The Vanishing Gradient and ResNet

Problem of Vanishing Gradient

Ideally, the deeper the NN is, the better performance we can obtain.
However, in reality, with the network depth increasing, the accuracy gets saturated and then deegrades rapidly.
- What happened? => Gradient Vanishing / Explosion
  - How? Chain rule multiplication

ResNet (2015)

A great break through for using more layers, isolate the residual for improvement with 152 layers, better than human recognition.
Residual Learning: Skipping connection or Jump connection $y = H(x) = F(x) + x$ $y = H (x) = F (x) + x$
- Avoided vanishing Gradient problem
Residual block contains 2 Conv and 2 Activations.
- The residual output is obtained after the 2 Conv and 1 Activation because we want to make use the activation layer to learn a sparse residual model for better generalization annd also feasibility in real application.
ResNet applied Residual Learning into all layers
- Extremely simple arrangment
- Not only useful for ResNet, but useful for nearly all deep learning structures
If we add all the previous residual output, we have the final residual output as: $x_L=x_1 + \sum^{L-1}_{i=1}F(x_i)$ $x_{L} = x_{1} + \sum_{i = 1}^{L - 1} F (x_{i})$ which has the additive error. For direct mapping, we will have the multiplicative error.
- The multiplicative error is the reason of vanishing / exploding gradient problem

Residual Network (ResNet)

Making a network deeper does not necessarily bring better performance because of the vanishing gradient problem.

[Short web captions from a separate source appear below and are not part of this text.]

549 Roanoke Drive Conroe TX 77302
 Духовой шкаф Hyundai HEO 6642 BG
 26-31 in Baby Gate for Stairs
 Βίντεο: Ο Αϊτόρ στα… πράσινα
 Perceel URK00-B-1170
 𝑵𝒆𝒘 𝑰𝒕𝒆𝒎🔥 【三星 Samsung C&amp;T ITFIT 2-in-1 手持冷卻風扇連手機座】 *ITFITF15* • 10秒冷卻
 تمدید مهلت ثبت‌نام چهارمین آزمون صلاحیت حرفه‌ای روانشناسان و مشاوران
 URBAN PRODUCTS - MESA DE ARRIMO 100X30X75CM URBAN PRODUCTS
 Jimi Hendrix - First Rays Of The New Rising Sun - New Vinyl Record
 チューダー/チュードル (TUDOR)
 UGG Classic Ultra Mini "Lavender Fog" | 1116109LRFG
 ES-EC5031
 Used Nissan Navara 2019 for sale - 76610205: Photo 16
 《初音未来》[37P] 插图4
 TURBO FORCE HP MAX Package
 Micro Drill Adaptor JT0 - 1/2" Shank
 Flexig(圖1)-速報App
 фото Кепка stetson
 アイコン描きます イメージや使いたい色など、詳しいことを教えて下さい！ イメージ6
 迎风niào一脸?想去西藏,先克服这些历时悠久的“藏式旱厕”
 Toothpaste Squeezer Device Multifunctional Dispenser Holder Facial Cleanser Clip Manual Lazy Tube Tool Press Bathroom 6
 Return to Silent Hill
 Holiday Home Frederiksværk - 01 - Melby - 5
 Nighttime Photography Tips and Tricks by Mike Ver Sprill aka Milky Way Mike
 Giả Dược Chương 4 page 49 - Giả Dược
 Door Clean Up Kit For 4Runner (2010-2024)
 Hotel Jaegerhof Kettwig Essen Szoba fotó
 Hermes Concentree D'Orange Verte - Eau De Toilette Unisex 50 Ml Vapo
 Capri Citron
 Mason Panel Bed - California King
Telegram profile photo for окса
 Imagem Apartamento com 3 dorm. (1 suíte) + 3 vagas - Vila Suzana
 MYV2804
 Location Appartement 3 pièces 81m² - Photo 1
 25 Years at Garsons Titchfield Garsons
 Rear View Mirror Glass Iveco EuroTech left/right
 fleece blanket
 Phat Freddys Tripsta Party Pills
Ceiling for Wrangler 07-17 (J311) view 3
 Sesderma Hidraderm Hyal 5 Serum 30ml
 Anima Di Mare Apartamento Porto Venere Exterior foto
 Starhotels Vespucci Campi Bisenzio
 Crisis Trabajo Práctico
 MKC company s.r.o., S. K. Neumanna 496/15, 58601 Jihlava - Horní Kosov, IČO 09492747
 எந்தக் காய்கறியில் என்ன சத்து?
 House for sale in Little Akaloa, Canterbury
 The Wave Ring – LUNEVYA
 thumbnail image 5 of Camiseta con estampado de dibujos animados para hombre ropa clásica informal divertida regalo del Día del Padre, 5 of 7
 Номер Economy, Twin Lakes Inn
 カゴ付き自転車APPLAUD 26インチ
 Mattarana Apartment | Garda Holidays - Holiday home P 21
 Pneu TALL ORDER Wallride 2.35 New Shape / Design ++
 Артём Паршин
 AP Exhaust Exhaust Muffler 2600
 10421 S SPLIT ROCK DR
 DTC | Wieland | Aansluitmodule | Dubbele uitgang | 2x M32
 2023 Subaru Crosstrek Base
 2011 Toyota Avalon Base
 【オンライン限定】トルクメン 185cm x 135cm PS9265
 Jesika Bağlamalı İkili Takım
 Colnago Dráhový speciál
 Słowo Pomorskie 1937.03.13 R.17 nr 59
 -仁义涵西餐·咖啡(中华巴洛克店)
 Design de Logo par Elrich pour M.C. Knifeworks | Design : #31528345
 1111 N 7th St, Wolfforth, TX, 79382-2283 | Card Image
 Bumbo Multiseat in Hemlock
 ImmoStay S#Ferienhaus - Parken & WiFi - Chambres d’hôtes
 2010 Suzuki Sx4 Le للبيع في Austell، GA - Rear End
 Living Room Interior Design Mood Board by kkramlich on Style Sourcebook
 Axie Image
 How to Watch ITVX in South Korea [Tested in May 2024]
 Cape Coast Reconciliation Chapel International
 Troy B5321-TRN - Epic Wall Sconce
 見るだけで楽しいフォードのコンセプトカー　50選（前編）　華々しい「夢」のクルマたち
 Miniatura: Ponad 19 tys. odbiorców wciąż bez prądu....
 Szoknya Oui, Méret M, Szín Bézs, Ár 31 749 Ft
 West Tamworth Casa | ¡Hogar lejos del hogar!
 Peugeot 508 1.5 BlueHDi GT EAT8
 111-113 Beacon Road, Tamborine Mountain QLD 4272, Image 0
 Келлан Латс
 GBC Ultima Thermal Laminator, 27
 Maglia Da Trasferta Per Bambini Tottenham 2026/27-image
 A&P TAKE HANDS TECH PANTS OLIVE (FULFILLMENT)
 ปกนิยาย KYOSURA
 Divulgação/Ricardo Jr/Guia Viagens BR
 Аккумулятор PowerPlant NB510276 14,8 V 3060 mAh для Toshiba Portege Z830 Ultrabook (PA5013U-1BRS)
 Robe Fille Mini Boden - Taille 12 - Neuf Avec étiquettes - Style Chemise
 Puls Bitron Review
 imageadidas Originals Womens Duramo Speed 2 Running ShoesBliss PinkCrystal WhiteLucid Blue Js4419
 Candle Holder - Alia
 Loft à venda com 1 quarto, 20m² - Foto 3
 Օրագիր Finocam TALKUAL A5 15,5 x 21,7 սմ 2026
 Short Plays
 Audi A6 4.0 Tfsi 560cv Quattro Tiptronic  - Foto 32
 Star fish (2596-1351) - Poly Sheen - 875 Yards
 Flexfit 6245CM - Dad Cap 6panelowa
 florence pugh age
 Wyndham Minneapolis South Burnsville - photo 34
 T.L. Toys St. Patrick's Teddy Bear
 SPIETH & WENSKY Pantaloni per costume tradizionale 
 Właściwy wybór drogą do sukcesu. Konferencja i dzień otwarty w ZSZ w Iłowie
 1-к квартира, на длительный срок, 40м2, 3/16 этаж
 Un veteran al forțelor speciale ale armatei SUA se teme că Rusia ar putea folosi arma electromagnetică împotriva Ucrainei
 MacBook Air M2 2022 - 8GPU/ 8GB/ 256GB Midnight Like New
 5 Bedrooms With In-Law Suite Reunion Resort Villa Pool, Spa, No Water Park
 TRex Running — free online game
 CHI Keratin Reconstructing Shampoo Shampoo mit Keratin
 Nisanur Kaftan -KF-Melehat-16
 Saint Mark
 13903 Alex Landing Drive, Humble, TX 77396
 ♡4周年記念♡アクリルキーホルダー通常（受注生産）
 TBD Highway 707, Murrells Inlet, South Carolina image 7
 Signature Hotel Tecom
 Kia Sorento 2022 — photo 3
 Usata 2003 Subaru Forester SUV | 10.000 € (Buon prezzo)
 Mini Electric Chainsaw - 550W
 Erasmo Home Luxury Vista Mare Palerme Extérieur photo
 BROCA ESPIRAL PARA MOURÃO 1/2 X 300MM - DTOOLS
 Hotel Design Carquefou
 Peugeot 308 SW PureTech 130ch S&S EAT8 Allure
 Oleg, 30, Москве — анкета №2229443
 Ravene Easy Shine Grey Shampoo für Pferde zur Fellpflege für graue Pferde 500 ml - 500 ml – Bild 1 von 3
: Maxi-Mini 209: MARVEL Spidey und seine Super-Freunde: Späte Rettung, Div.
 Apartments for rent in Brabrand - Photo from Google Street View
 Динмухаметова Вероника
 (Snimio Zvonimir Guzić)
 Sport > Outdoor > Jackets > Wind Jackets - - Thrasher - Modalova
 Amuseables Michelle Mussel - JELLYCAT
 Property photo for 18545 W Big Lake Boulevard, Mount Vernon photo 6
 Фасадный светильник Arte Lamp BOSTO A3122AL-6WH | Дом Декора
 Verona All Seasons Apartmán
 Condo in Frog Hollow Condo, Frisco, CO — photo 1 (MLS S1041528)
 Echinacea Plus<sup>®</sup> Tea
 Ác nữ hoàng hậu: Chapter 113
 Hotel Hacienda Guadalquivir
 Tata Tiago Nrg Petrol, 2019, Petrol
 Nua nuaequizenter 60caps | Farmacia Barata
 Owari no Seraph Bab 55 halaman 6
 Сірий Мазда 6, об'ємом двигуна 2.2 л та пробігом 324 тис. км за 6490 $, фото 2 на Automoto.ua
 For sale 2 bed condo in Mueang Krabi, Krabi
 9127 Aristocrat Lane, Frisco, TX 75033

The main idea of ResNet is to use an identity shortcut connection that skips one or more layers.
- This trick alleviates the gradient vanishing problem, leading to networks with 100+ layers

If the desired mapping is H(x), it is easier to train a feed-forward network (enclosed by the red-dashed rectangle) to fit a residual mapping $F(x)= H(x) -x$

It is because we have one extra term to reduce the chance of having small gradient, as the error gradient can be directly passed to lower layers.

PyTorch Example

import torch
import torch.nn as nn

# Batchsize = 50, single-channel image of size 23 x 1234
x = torch.zeros([50,1,23,1234])

# First weight layer: Conv1x1+BN+ReLU
h = nn.Conv2d(in_channels=1, out_channels=32, kernel_size=1, stride=1)(x)
h = nn.BatchNorm2d(num_features=32)(h)
h = nn.ReLU()(h)

# Second weight layer: Conv3x3+BN+ReLU
h = nn.Conv2d(in_channels=32, out_channels=32, kernel_size=3, stride=1)(h)
h = nn.BatchNorm2d(num_features=32)(h)
h = nn.ReLU()(h)
print(h.shape)

# Third weight layer: Conv1x1+BN+ReLU
h = nn.Conv2d(in_channels=32, out_channels=1, kernel_size=1, stride=1)(h)
h = nn.BatchNorm2d(num_features=1)(h)
h = nn.ReLU()(h)


# Add
out = h + x
out = nn.ReLU()(out)
print(out.shape)

#torch.Size([50,32,23,1234])
#torch.Size([50,1,23,1234])

Densely Connected CNN (DenseNet)

DenseNet further exploits the effect of shortcut connections
- The input of each layer consists of the feature maps of all earlier layers, and its output is passed to each subsequent layer.
DenseNet not only alleviates the gradient vanishing problem, but also encourages feature reuse, i.e., the network can perform well with less parameters.
- Feature reuse is achieved by concatenating feature maps instead of adding, as in ResNet.

PyTorch Example

import torch
import torch.nn as nn


# Batchsize = 50, 23 MFCCs per frame, 1234 frames
x0 = torch.zeros([50, 23, 1234])

# First weight layer (BN+ReLU+Conv1D)x2
h = nn.BatchNorm1d(num_features=23)(x0)
h = nn.ReLU()(h)
h = nn.Conv1d(in_channels=23, out_channels=160, kernel_size=1, stride=1)(h)
h = nn.BatchNorm1d(num_features=23)(h)
h = nn.ReLU()(h)
x1 = nn.Conv1d(in_channels=160, out_channels=40, kernel_size=3, stride=1, padding=1)(h)

#Concatenate
c1 = torch.cat([x1, x0], dim=1)
print(c1.shape)

# Second weight layer (BN+ReLU+Conv1D)x2
h = nn.BatchNorm1d(num_features=63)(c1)
h = nn.ReLU()(h)
h = nn.Conv1d(in_channels=63, out_channels=160, kernel_size=1, stride=1)(h)
h = nn.BatchNorm1d(num_features=160)(h)
h = nn.ReLU()(h)
x2 = nn.Conv1d(in_channels=160, out_channels=40, kernel_size=3, stride=1, padding=1)(h)

#Concatenate
c2 = torch.cat([x2, x1, x0], dim=1)
print(c2.shape)


#torch.Size([50, 63, 1234])
#torch.Size([50, 103, 1234])